Bwlch Nant Yr Arian would be worth visiting just for the name alone - the Gap or Mountain Pass of the Silver Stream. How gorgeous is that, and even better when you learn there were silver mines in the area in the 18th century.
I'd come for the kites, though, and 250 is the number the information boards say you might expect to see at feeding time, but with no way of counting, there seemed to be hundreds more (though given we were there on Midsummer's Day and it was all a bit magical anyway, there's always a chance some passing Puck put flower juice in my eyes.)
Here's the view from the cafe terrace of red kites, with a few gulls mixed in, waiting for feeding time.
We made our way down to the pond for a closer view. It felt like when I was a kid and we were waiting for the feeding of the sea lions at Bristol Zoo - only these kites are wild and free, so there was none of the captivity anxiety that hung about zoo visits even back then.
The Northerner was rather more apprehensive about it than me.
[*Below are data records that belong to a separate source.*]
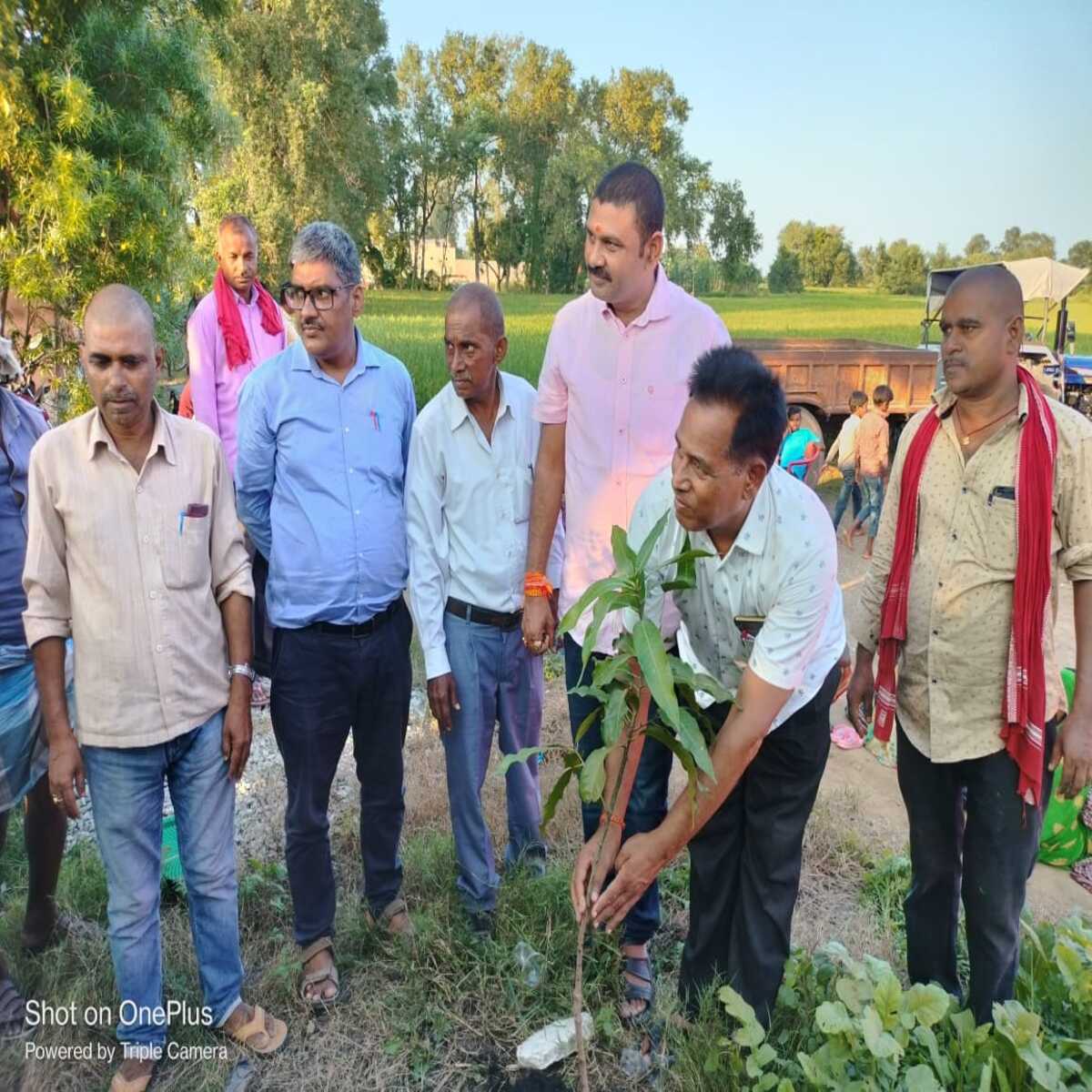बीईओ ने किया वृक्षारोपण
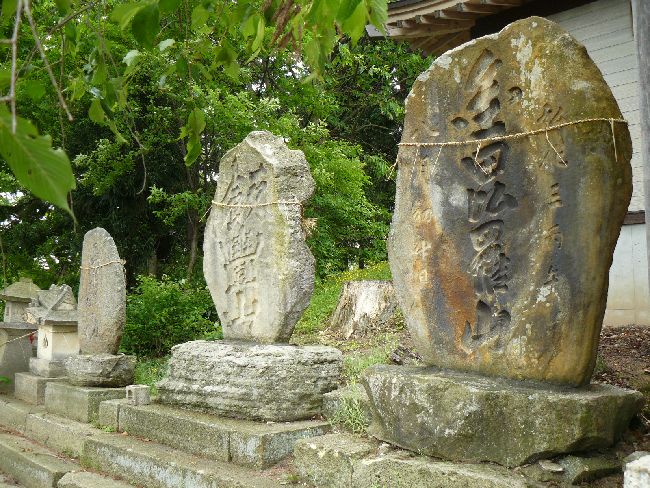 �H���_��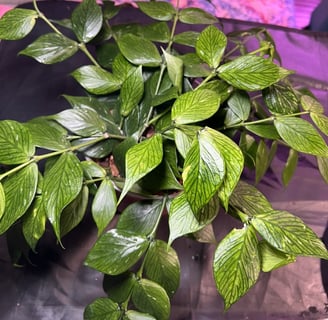 a large hoya polyneura, glossy and dark green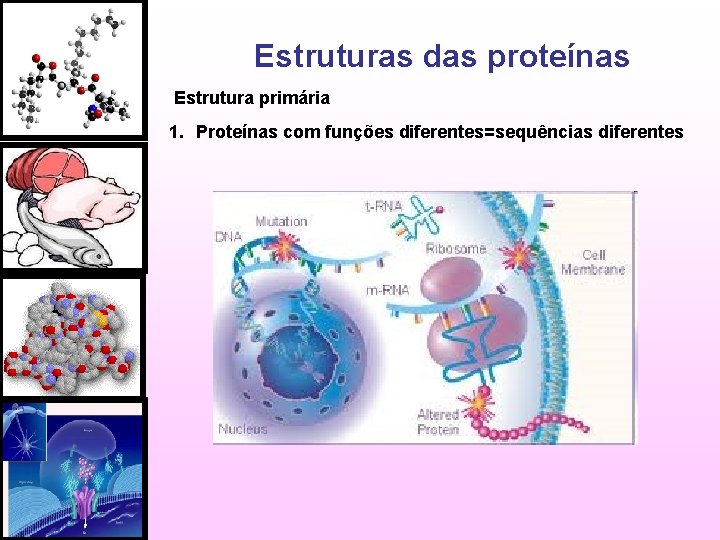 Estruturas das proteínas Estrutura primária 1. Proteínas com funções diferentes=sequências diferentes 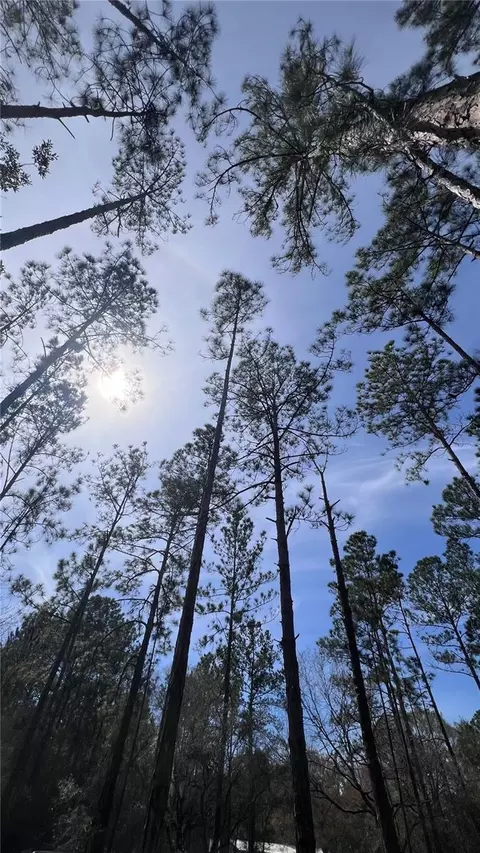 4110 Melanie, Hastings, FL 32145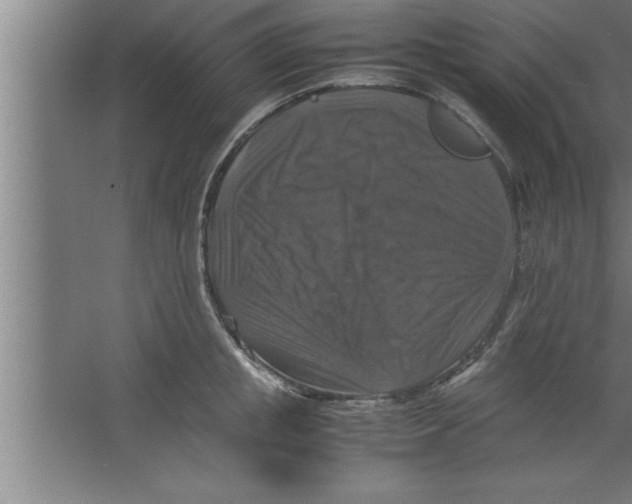 X0000067460853200604281826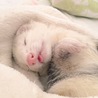 天使(*´-`*)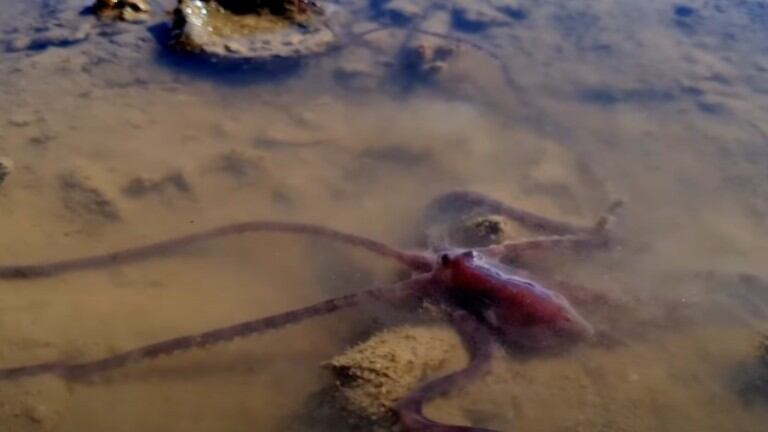  Un pulpo de largos tentáculos se deja ver en la Gran Barrera de Coral australiana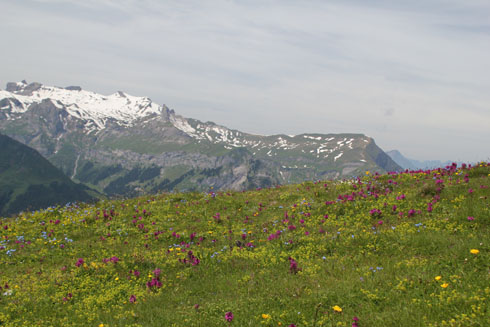 Männlichen moutain views with alpine flowers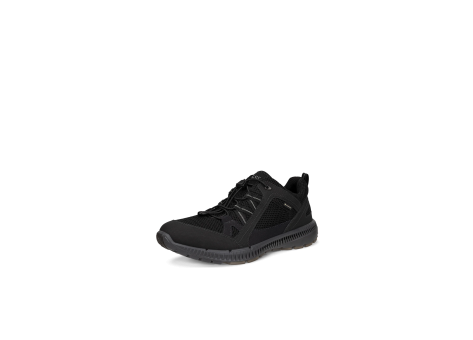Ecco Terracruise II M GTX TEX (843064-51052) schwarz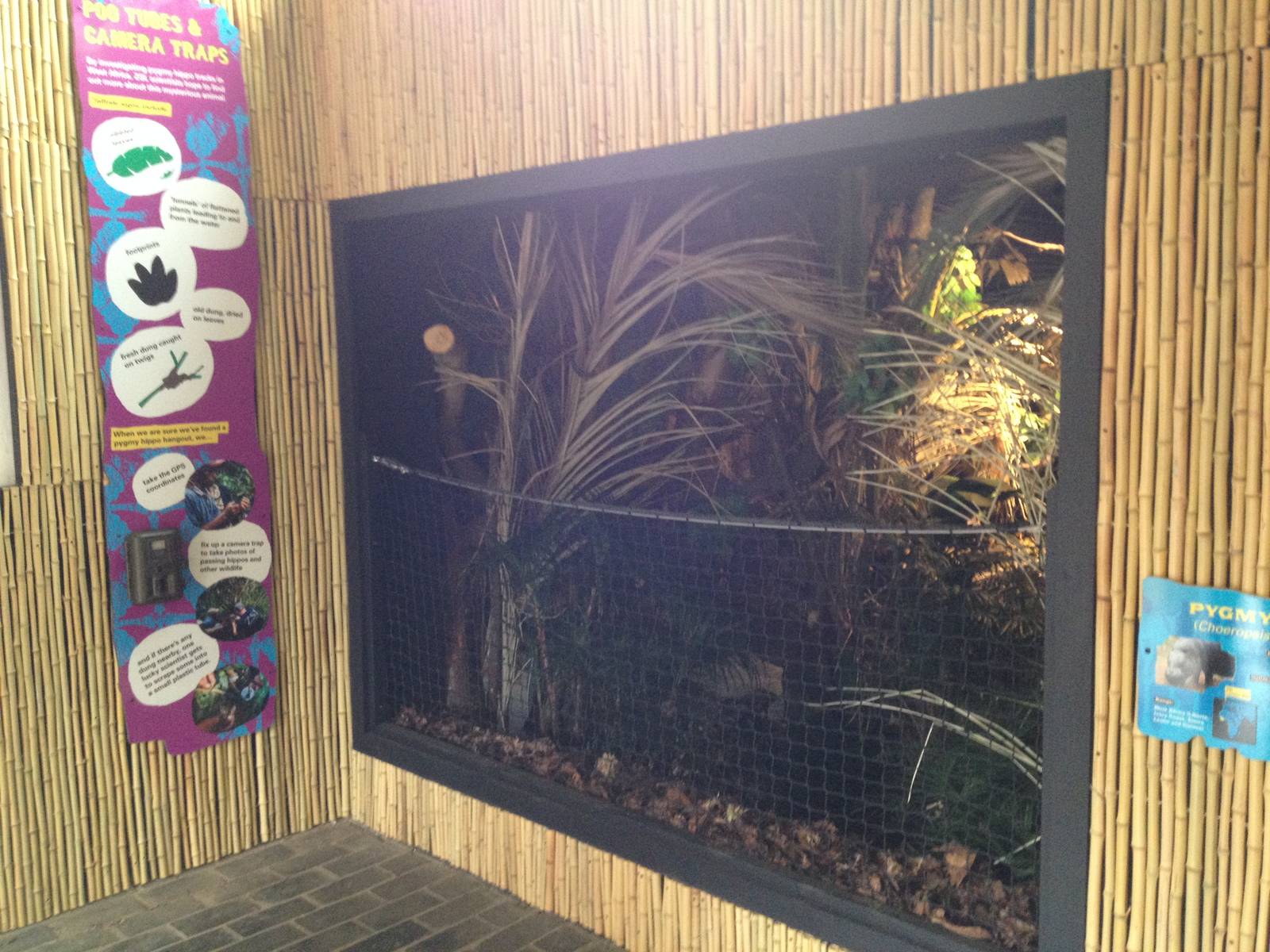 New pygmy hippo enclosure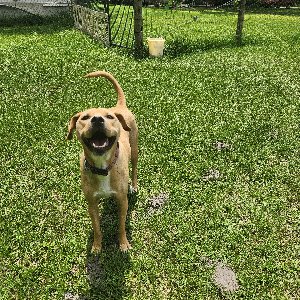 Pet photo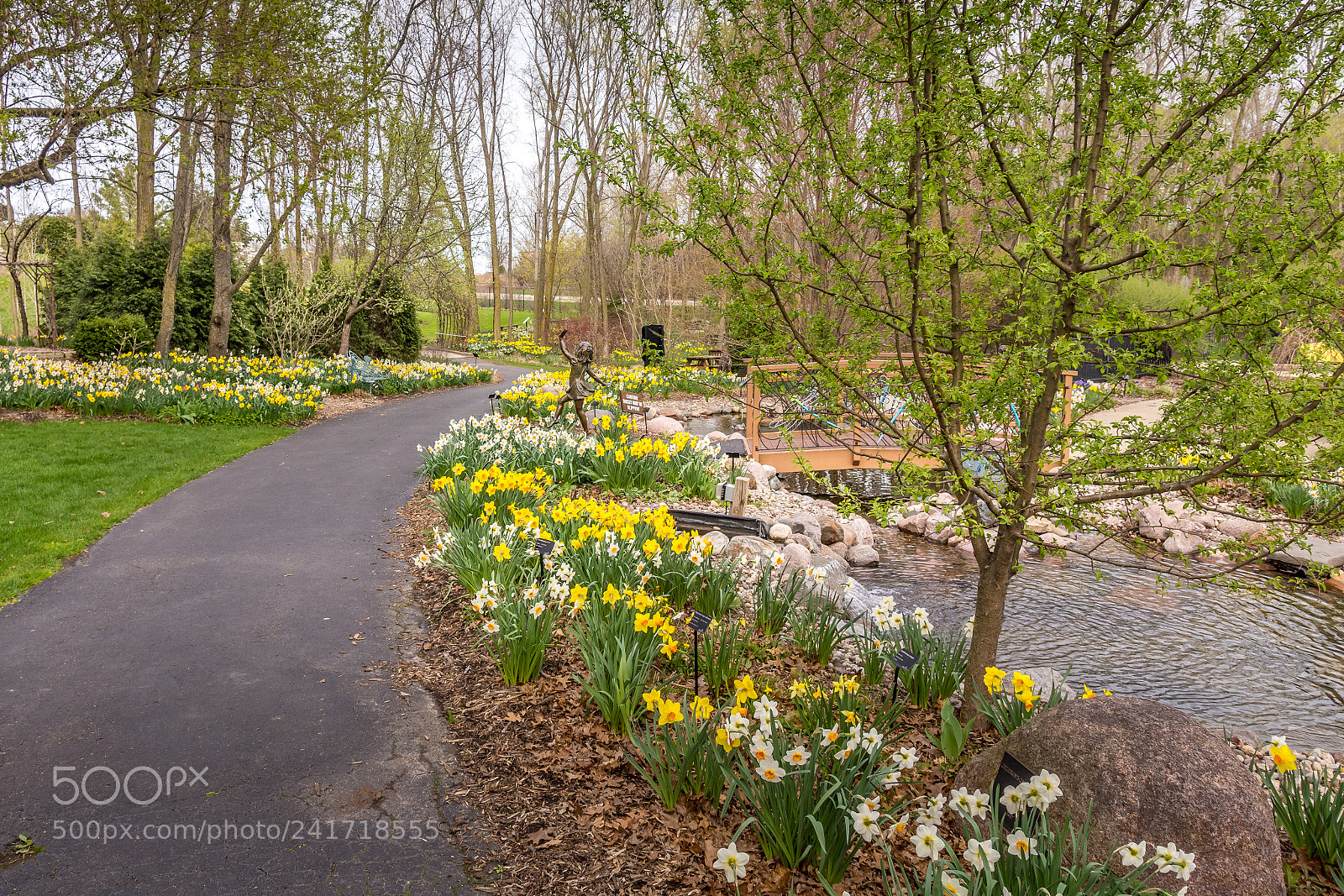Nikon D7200 sample photo. Botanical garden photography
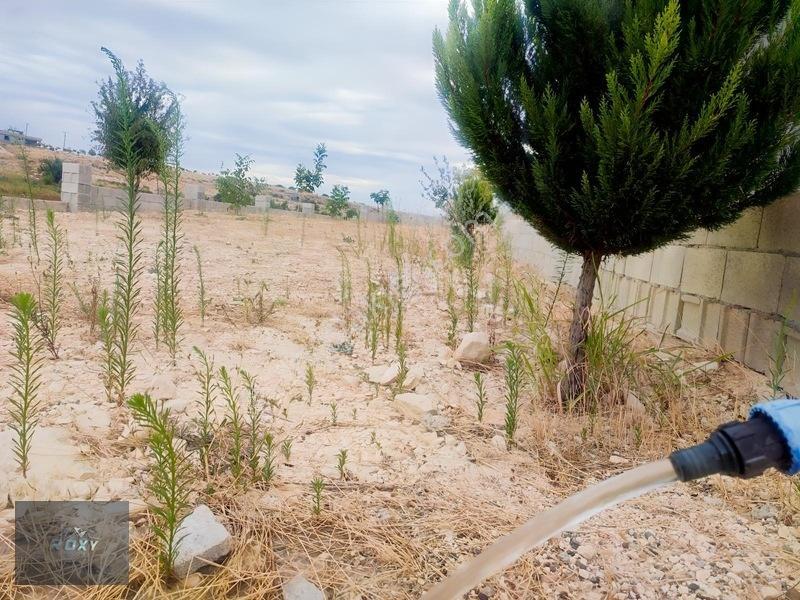 Roxy Group'tan Almalı'da Asfalt Yol Üzeri 2+1 Bağ Evi Tek Tapu — fotoğraf 22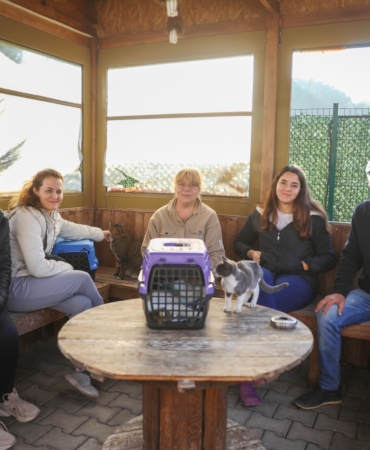 Buca Belediyesi'nden kısırlaştırma seferberliği 01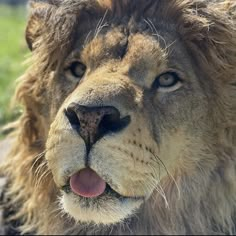 a close up of a lion's face with grass in the backgroud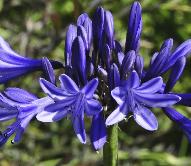 AgapanthusNavyBluecloseup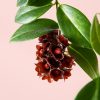 Aeschinantus-Planta Pintalabios-flor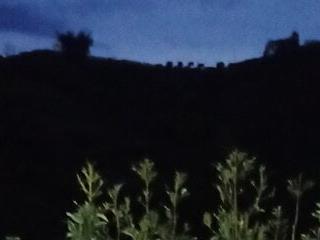 Ninfa 56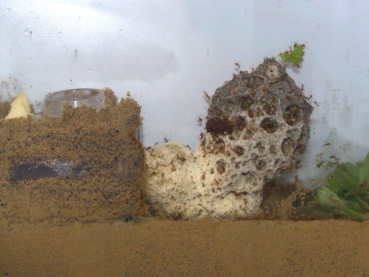 Glas XL - Ameisenfarm 30x6x20 cm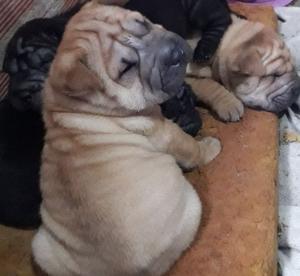 Hermosos bebes shar peis.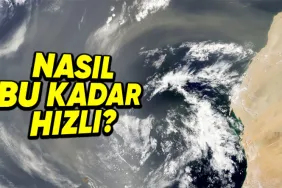 kum-ve-toz-tanecikleri-nasil-oluyor-da-2-ayda-8000-kilometre-yol-alabiliyor-KjLFEKZN.png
Unconvinced that kites mostly eat carrion, he was clutching the walking stick we keep in the back of the car, ready to beat any off bird that might try to make a meal of our (admittedly small) border collie.
And yes, something must have happened to my eyes because they were filling up with tears at the seeing and hearing of such a spectacle, of birds that were all but extinct in these islands in the 19th and first half of the 20th century, and like the bewitched characters in A Midsummer Night's Dream, I'd fallen in love.